++++ Material shown

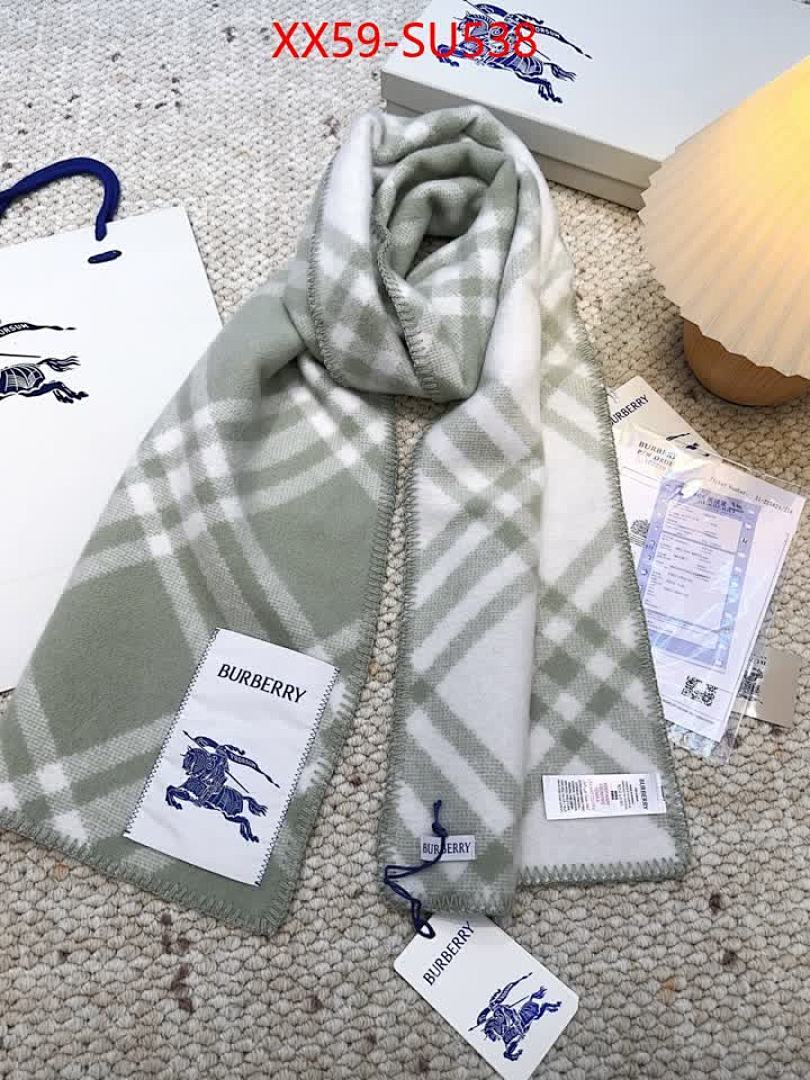 Scarf-Burberry ID: SU538 $: 59USD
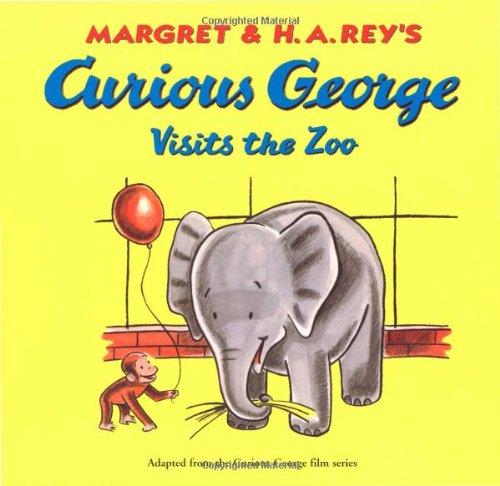 Curious George Visits the Zoo[ CURIOUS GEORGE VISITS THE ZOO ] By Rey, Margret ( Author )Oct-28-1985 Paperback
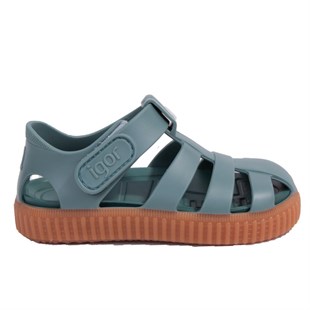 Igor S10291 Nıco Caramelo Yeşil Günlük Erkek Çocuk Sandalet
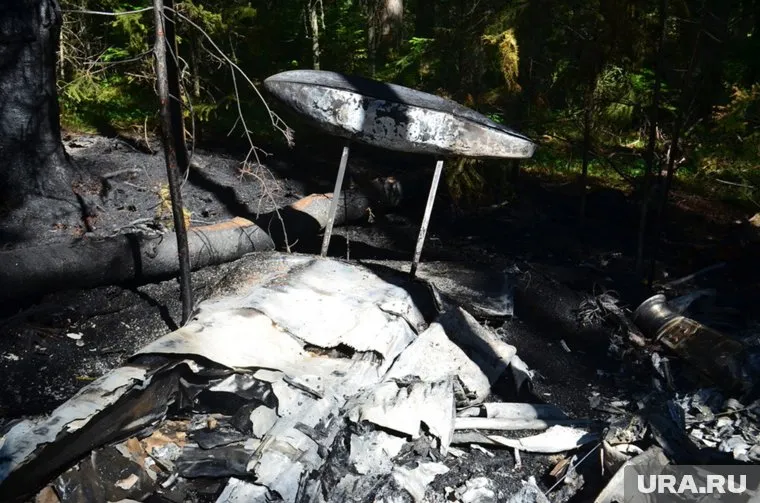В Рязани совершил жесткую посадку самолет ИЛ-76 (архивное фото)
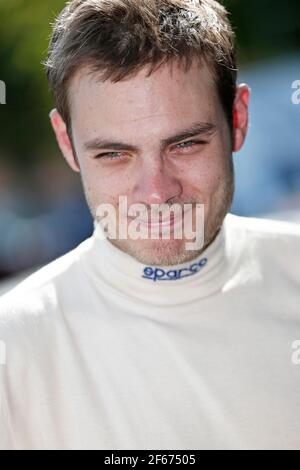 MARTIN Charles, Skoda Fabia, Ambiance Portrait während der Rallye Frankreich 2017, Rallye coeur de France, 28. Bis 30. september in Vendome, Frankreich - Foto Jean Michel Le MEUR / DPPI Stockfoto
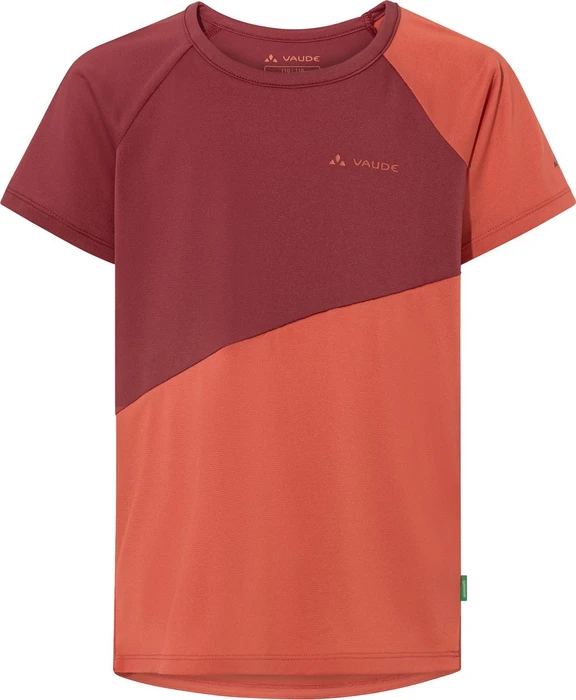 Vaude Moab II Trikot kurzarm hotchili (Junior)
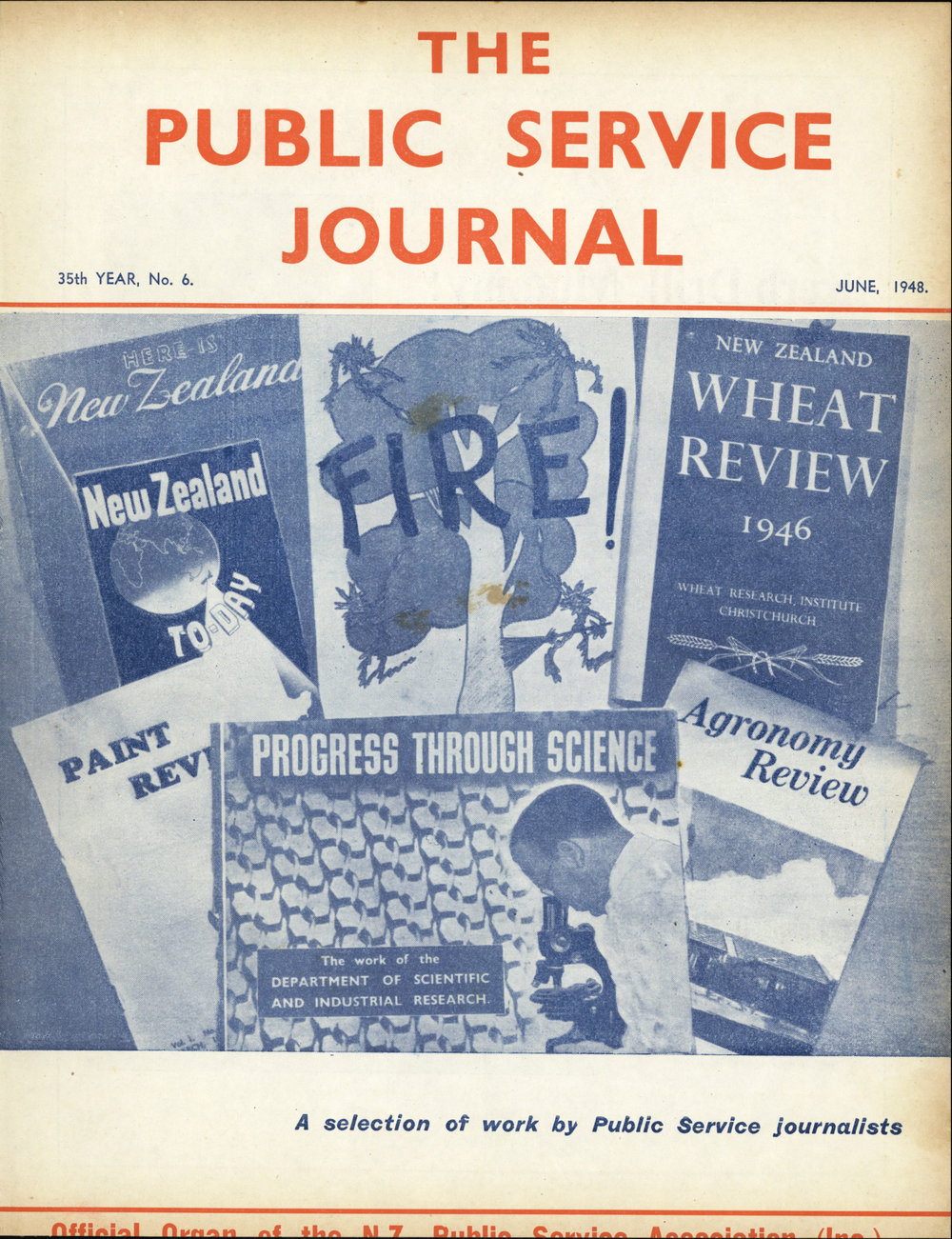 PSA Journal: Vol 35 No 6, June 1948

++++++++

Exercise goal:
Once the pictures are dropped, repeat the data above exactly.

Worked solution:
 Scarf-Burberry ID: SU538 $: 59USD
 Curious George Visits the Zoo[ CURIOUS GEORGE VISITS THE ZOO ] By Rey, Margret ( Author )Oct-28-1985 Paperback
 Igor S10291 Nıco Caramelo Yeşil Günlük Erkek Çocuk Sandalet
В Рязани совершил жесткую посадку самолет ИЛ-76 (архивное фото)
 MARTIN Charles, Skoda Fabia, Ambiance Portrait während der Rallye Frankreich 2017, Rallye coeur de France, 28. Bis 30. september in Vendome, Frankreich - Foto Jean Michel Le MEUR / DPPI Stockfoto
 Vaude Moab II Trikot kurzarm hotchili (Junior)
 PSA Journal: Vol 35 No 6, June 1948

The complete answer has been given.